Bicycle Coalition

On Friday, members of the Bicycle Coalition of Greater Philadelphia held a memorial for the still unidentified victim of a traffic crash on the 4700 block of Whitaker Avenue in the Feltonville section of North Philadelphia.

The crash occurred on February 17 while the victim, a male in his 30s, was exiting his motor vehicle on the block.

As we will do for every identified pedestrian death in 2018, members of the Bicycle Coalition put up a sign at the corner of Whitaker and Wyoming Avenues to denote a pedestrian had been killed on this block. We have additionally updated PHLtrafficvictims.org for 2018 and will continually update it as we get reports of pedestrians, motorists, and cyclists involved in fatal crashes on Philadelphia’s streets.

About 100 people are killed in traffic crashes in Philadelphia every year. While about a third of them had typically been pedestrians and cyclists, in 2017, that percentage jumped to 45 percent. The City of Philadelphia has adopted a Vision Zero platform, using legislative and enforcement changes to reach zero deaths by 2030, but many of the implementations are not happening fast enough.

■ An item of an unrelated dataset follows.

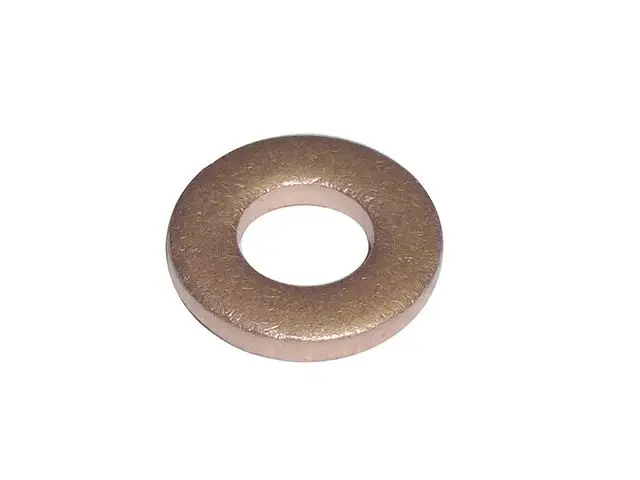Arruela Cobre VW MWM X10 4/6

It was somewhat ironic that on the same day we were putting up another memorial to a victim of traffic violence, advocates of street safety, Philadelphia’s urbanist community, and its bicycling community were doing their best to push back against new legislation in City Council that would hinder Vision Zero, and make streets more dangerous.

(Interested in pushing back against that legislation? Click here to send an email to City Council’s Streets and Services Committee.)

Friday’s Vision Zero memorial was the second held this year. The first occurred at Roosevelt Boulevard and Large Street in Northeast Philadelphia. The latest one, while not literally on the Boulevard, was close enough.

It’s time out elected officials get out of the way of the city’s traffic engineers and allow the people whose job it is to make streets safer, make them safer, lest we have to visit dozens of sites throughout 2018 where pedestrians are needlessly killed.